Érié est un comté clé dans cet État rural et industriel du nord-est, considéré comme le plus crucial de tous. Ses 270 000 électeurs ont reçu la visite de Donald Trump et de Kamala Harris.
«Fermer la frontière»
Darlene Taylor porte fièrement un t-shirt frappé des noms de ses champions «Trump» et son colistier «Vance» et pense que l’enjeu central de cette présidentielle est de «fermer la frontière» aux millions d’immigrés clandestins que le tribun populiste n’a cessé de traiter de «criminels» qui «empoisonnent le sang» des Américains.
«L’Amérique doit passer en premier et [Kamala] Harris ne soutiendra pas cela», proteste cette femme qui dit vivre grâce à des allocations pour personnes handicapées.
Une rhétorique nationaliste d’extrême droite qui fait bondir Ken Thompson, 66 ans, qui a voté Harris et son colistier Tim Walz.

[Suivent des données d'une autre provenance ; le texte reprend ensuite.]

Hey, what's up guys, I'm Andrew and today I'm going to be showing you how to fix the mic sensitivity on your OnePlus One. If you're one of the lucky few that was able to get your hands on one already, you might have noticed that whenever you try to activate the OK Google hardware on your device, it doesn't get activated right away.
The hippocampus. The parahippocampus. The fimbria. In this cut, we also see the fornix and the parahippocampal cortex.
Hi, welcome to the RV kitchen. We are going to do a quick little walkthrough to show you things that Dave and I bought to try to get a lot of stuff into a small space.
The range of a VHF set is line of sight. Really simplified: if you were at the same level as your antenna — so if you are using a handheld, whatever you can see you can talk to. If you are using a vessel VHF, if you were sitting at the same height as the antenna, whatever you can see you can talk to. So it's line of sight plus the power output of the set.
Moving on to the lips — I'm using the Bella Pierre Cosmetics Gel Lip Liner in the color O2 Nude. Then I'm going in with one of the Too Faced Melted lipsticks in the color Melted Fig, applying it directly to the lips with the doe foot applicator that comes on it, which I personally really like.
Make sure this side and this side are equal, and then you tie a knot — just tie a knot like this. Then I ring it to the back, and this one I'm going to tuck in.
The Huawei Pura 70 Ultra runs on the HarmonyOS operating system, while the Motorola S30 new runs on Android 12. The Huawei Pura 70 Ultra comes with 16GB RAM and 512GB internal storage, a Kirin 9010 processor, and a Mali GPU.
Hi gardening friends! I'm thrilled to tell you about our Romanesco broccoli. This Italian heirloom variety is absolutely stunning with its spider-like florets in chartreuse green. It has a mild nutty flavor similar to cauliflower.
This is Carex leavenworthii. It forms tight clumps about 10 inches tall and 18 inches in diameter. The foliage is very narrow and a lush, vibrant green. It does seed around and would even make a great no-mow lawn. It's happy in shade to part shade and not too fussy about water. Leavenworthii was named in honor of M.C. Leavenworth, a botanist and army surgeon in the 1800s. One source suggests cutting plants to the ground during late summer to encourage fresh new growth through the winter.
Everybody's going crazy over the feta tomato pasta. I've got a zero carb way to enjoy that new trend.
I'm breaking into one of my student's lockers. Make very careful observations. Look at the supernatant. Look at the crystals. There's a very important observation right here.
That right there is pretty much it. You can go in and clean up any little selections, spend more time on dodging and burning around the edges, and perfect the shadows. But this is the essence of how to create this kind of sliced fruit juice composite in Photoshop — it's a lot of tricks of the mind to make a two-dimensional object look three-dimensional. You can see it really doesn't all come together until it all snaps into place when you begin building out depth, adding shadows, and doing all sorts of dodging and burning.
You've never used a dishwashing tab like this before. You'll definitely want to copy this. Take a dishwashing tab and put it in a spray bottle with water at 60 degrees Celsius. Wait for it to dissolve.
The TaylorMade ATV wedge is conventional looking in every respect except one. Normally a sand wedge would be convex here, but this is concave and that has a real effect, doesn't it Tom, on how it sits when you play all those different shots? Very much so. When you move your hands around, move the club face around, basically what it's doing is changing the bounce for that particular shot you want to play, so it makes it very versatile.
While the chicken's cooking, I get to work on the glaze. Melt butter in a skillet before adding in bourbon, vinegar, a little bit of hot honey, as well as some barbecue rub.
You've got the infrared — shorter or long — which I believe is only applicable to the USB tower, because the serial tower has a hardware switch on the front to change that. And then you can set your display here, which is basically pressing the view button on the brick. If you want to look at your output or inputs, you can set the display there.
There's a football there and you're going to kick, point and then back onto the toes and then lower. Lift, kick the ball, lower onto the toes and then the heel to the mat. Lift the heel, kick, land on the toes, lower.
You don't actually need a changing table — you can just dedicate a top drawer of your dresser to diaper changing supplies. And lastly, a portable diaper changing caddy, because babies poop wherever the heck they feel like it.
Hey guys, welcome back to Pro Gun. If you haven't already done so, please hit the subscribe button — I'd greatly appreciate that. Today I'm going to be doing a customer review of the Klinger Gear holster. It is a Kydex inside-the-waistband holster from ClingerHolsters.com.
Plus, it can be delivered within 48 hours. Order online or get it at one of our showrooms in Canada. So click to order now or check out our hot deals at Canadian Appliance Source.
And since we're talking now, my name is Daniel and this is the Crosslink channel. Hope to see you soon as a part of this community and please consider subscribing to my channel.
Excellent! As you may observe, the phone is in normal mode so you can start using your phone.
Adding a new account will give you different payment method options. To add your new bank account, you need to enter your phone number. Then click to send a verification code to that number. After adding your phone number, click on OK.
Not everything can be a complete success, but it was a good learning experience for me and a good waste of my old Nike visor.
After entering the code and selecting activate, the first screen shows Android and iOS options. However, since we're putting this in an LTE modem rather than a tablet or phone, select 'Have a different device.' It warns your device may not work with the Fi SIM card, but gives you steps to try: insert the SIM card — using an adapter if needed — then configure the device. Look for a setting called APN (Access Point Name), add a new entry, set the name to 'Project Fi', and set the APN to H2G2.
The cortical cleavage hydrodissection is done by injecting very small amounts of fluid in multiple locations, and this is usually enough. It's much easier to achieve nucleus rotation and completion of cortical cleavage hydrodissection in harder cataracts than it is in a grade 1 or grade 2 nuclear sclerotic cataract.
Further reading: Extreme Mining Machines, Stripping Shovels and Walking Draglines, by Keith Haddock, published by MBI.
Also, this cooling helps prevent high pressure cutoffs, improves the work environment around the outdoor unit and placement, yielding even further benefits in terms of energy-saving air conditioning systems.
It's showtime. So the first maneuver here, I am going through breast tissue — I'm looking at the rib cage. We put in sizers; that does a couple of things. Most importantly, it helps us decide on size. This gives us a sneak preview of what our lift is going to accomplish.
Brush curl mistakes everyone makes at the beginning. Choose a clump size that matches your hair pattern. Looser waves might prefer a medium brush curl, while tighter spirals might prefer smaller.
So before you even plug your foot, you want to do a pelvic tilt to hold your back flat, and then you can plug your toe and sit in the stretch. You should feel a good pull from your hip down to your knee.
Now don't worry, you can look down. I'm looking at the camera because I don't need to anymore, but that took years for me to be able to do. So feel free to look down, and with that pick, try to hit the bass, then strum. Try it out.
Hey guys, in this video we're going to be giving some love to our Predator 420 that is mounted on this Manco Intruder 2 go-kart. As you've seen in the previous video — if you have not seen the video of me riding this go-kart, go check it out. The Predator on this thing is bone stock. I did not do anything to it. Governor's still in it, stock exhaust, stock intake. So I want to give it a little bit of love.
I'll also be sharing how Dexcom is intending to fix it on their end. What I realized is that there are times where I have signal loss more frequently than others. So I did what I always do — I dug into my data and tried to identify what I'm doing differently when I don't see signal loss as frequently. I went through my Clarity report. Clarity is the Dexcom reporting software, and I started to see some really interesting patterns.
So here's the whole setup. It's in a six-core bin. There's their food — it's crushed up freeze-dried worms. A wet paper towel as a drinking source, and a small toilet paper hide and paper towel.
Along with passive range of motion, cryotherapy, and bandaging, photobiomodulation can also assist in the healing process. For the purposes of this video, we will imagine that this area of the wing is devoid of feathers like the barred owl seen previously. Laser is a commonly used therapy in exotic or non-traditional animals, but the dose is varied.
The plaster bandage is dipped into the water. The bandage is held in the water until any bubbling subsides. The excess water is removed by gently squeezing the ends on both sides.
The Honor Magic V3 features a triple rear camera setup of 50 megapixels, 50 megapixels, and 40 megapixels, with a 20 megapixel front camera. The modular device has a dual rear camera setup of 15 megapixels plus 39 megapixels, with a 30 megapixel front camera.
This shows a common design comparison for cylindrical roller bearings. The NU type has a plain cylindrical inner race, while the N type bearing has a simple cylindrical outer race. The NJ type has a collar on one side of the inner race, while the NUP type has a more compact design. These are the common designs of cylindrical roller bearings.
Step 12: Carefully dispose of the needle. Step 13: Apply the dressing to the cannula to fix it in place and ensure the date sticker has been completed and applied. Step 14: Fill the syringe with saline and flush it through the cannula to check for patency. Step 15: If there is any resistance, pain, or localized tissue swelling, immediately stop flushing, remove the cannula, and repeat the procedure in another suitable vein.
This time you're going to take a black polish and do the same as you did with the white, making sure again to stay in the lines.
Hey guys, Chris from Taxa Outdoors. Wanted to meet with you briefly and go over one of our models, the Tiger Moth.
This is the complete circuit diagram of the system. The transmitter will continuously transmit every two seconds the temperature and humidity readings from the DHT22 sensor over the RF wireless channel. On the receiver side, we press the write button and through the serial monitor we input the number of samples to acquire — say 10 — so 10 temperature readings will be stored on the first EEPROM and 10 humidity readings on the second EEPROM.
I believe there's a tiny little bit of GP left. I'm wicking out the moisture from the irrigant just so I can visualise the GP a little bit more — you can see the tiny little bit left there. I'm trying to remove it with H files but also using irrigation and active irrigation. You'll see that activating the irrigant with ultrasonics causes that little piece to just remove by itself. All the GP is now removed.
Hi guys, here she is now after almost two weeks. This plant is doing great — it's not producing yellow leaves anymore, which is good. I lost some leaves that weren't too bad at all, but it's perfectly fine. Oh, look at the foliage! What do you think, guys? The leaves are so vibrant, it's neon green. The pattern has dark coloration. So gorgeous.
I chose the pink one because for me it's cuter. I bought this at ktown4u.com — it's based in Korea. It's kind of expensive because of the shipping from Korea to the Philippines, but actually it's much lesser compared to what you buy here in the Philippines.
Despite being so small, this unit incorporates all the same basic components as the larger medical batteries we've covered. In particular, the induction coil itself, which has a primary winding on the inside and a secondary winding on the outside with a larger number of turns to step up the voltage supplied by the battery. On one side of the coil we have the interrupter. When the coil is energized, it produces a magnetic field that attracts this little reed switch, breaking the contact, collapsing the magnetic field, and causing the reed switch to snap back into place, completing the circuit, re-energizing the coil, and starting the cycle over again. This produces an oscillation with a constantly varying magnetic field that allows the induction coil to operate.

Certes, reconnaît-il, «les emplois industriels ont disparu à Érié» et «c’est un gros problème», mais Donald «Trump n’a en rien aidé» quand il était au pouvoir entre 2017 et 2021.
«Kamala [Harris] va aider les jeunes pour le logement», croit ce sexagénaire coiffé d’une traditionnelle casquette de baseball ornée de la bannière étoilée.
Également âgée de 66 ans, l’institutrice de Pennsylvanie Candyce Sandusky reconnaît que Donald Trump «est un dur», mais c’est pour que «le monde sache ce qu’il veut dire».
Le milliardaire de l’immobilier new-yorkais, qui a bouleversé la démocratie américaine et les relations internationales, a multiplié durant la campagne des déclarations incendiaires contre des «ennemis de l’intérieur», mais aussi contre les partenaires traditionnels des États-Unis.
Alors, Whytne Stevens, urbaniste de 28 ans d’Atlanta, l’immense métropole de Géorgie «espère que les choses changent sur l’inflation et l’emploi, mais [est] aussi inquiet de questions plus existentielles sur l’avenir du pays».
À 27 ans, Ludwidg Louizaire, ancienne Miss Géorgie, est elle aussi très consciente de ce qui se joue mardi aux États-Unis: «l’Histoire est en marche», souffle-t-elle.